Doch ein Intellektueller wie Zola musste die französische Identität nicht erst schaffen, sondern war umgekehrt dadurch groß, dass er sich auf sie berufen konnte. Das ist der springende Punkt. Der Antisemitismus, den er anprangerte, widersprach den Idealen der Revolution. Dass diese gesiegt hatte, darin bestand und besteht noch heute die französische Identität. Bedeutende Politik, bedeutende Kultur, das ist die Reihenfolge, nicht umgekehrt. Wenn es darum geht, eine nationale Identität zu verändern, sind zuerst politisch denkende Intellektuelle gefragt, deren Ideen im „Volk“ Widerhall finden. Es von der Kulturnation zu erwarten, heißt das Pferd vom Schwanz her aufzäumen. Goethe wußte das, er analysierte ja, dass sich die deutsche Kultur vor seiner Zeit deshalb nicht entfalten konnte, weil das Heilige Reich im Niedergang war; es gab kein bedeutendes Staatswesen mehr, dem sie hätte zur Seite treten können. Johann Wolfgang von Goethe, wie man weiß, bewunderte erst Friedrich den Großen, dann Napoleon.
Entscheidungsschlacht
Im Nachkriegsdeutschland traten die Exponenten der Gruppe 47 für Willy Brandts SPD ein. Das war ein Kampf um die Veränderung der deutschen Identität. Er hat also gar nicht gefehlt. Andere Kämpfe begleiteten ihn und setzten ihn fort. „1968“ war ein internationales Ereignis, doch gerade in Deutschland griff es tief ein, weil die Revolte sich hier nicht zuletzt gegen die unbewältigte Nazivergangenheit richtete. Weil sie kulturell und politisch war, erreichte sie etwas; weil indessen auch die 68er Intellektuellen vom „Volk“ getrennt blieben, war ihre Wirkung doch nur begrenzt. Immerhin kam es zur Entstehung der grünen Partei, von der eine weitere Veränderung der SPD ausging, man könnte sagen, von der Willy Brandt selber verändert wurde, er und seine „Enkel“. Und damit gelangen wir zum Jahr 1990. Es stellt sich als Jahr einer Entscheidungsschlacht um die deutsche Identität heraus.
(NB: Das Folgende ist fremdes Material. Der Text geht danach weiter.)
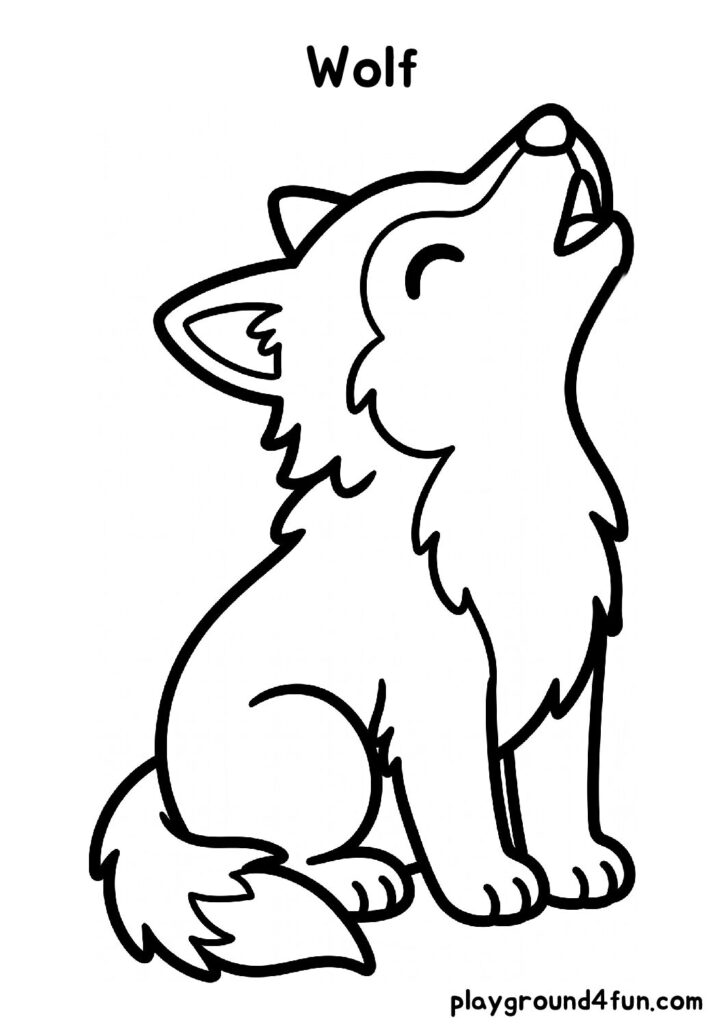 Bold and Easy Wolf Coloring Pages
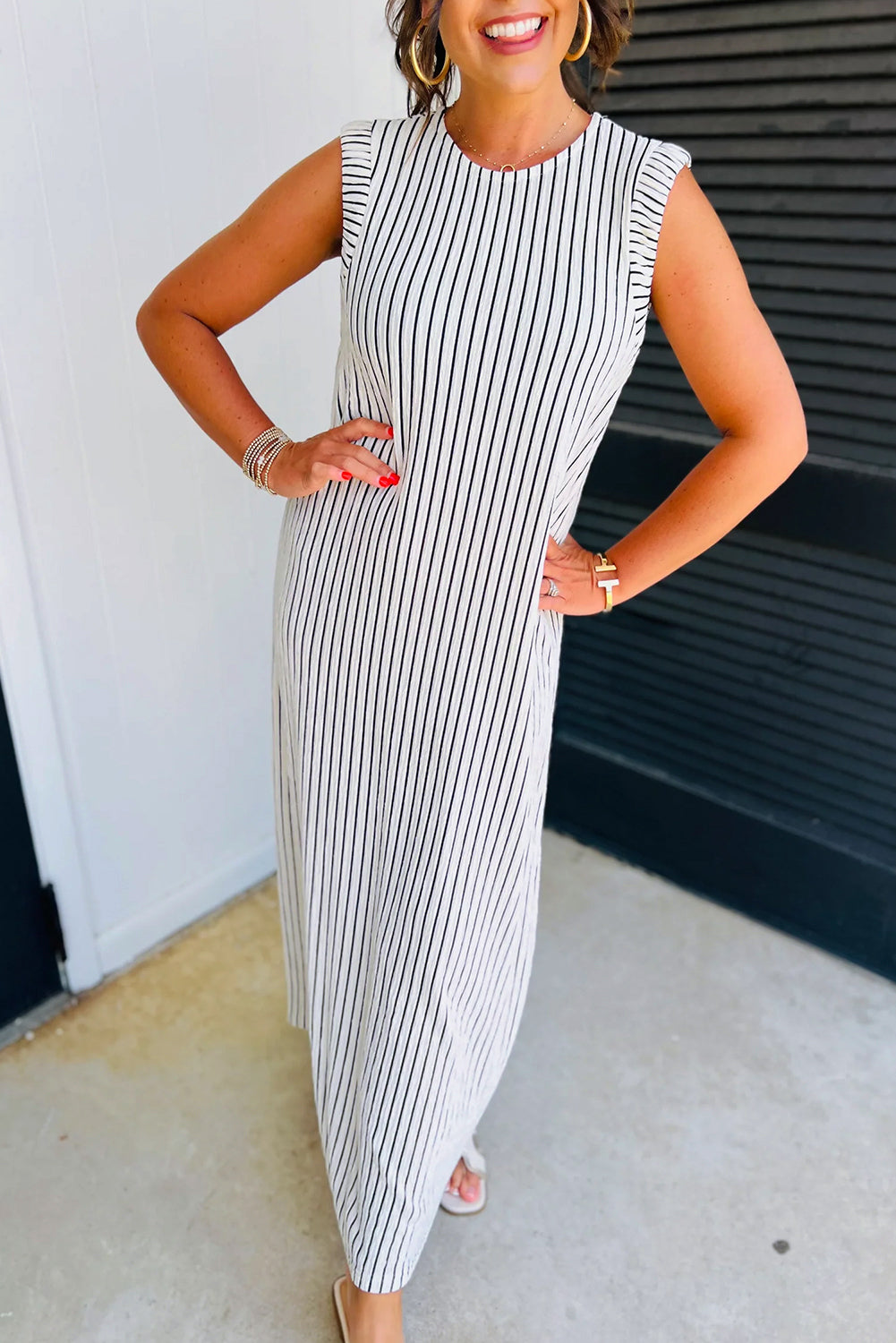 Black White Striped Round Neck Maxi Vest Dress-True and Wild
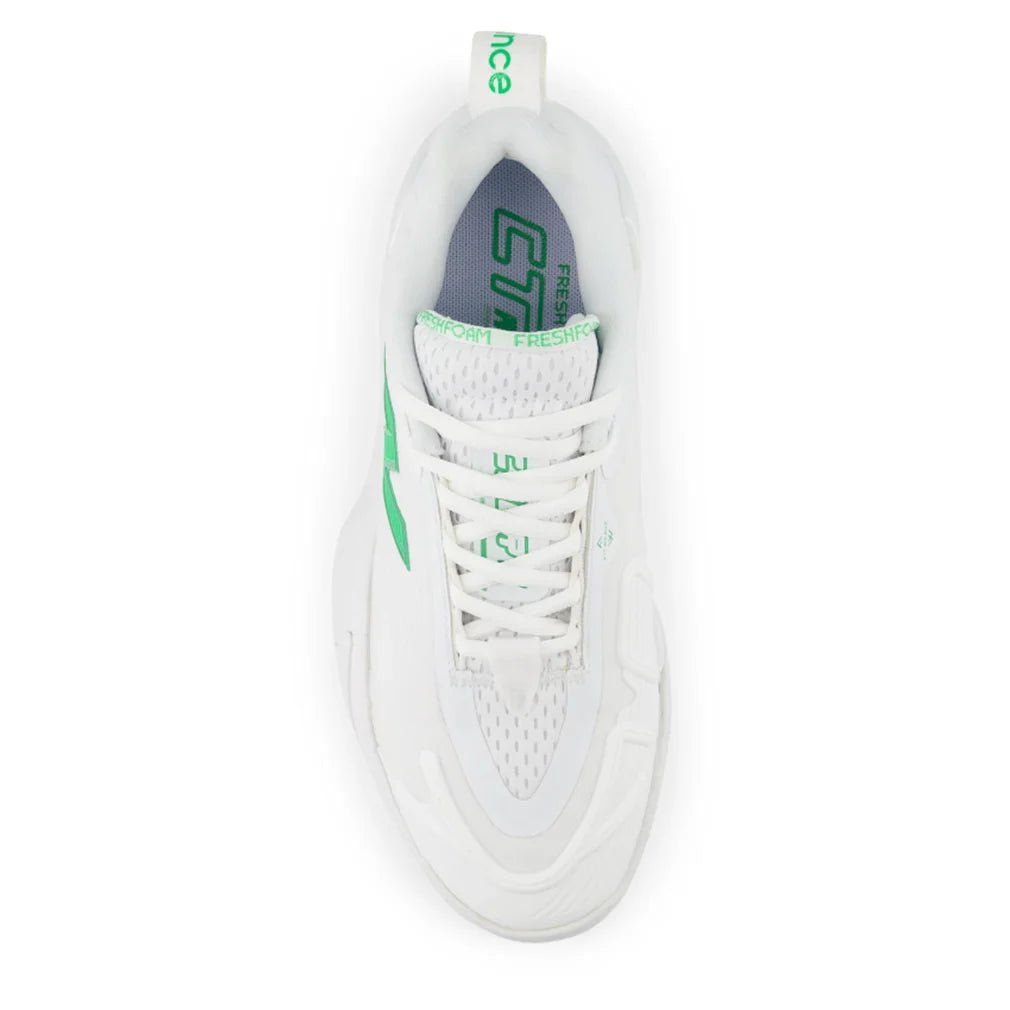 Women's Fresh Foam X CT - Rally B Width Tennis Shoes White and Green Apple - Bell Racket Store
Denn wäre es nicht zur Wiedervereinigung gekommen, hätte es wohl einen anderen westdeutschen Wahlsieger gegeben: den SPD-Kandidaten Oskar Lafontaine in Koalition mit den Grünen. Stattdessen gewann Helmut Kohl. Er hatte „den Mantel der Geschichte“ ergriffen: Das sagte er, um Bismarck zu zitieren, als dessen Nachfolger er sich sah. Sein Sieg war konsequent, denn Lafontaine fiel es gar nicht ein, für ein neues, vereintes Deutschland eine neue Perspektive zur Wahl zu stellen. So schlug die alte reichsdeutsche Identitätslinie wieder durch. Man sieht nun, Deutschland ist nicht einfach ökonomistisch geworden. Um seine Identität wird weiter gekämpft. Soll es ein multikulturelles Land wie die USA werden oder ein Sarrazin-Land? Vielleicht ein Sarrazin-Land nach innen und das ökonomistische Glied europäischer United States nach außen? Man kann allgemeiner, grundsätzlicher und über den Tag hinaus fragen: Durch welche Umwälzung wird Deutschland seine Identität bekommen? Denn sie ist kein Schnäppchen. Noch so viel Geld reicht nicht für ihren Kauf. Die Schweiz und England, die USA und Frankreich haben Revolutionen gebraucht, sie zu erlangen.